Day 2: Cooking Day (taste and smell)
Mash up a banana or a soft-cooked vegetable with your little one and let her start adding spices (after smelling them). Talk about what seasonings taste good with others. Stir up a wonderful concoction. (You will have to help her decide which items to add and how much of them, since at this age it’s a lot of fun to dump but not much fun to eat the results.) Pull out raisins, dried cranberries, and other easy ingredients to blend from your cupboards.
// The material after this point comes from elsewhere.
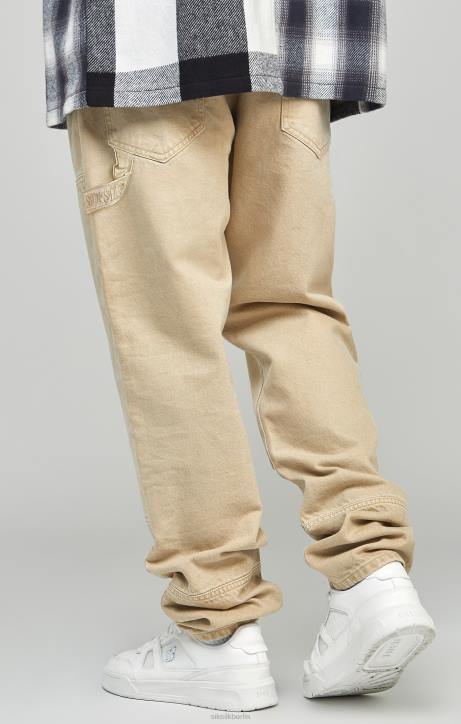 Männer SikSilk Ecrufarbener Carpenter-Denim mit gerader Passform Bekleidung J0NL555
Then have a tea party with your special snack.
Day 3: Shapes Day (touch and see)
Shape-exploring is one of my favorite “Montessori activities” to do with Baby J! We have a wonderful book with flaps in different shapes, and almost every day he asks me to read it to him and say the names of all the shapes. Look for different shapes in his toy box, create little figures in different shapes, or use a geometric solids toy to help him explore the world of new shapes.
Day 4: Rhythm Sticks and Movement Day (hear)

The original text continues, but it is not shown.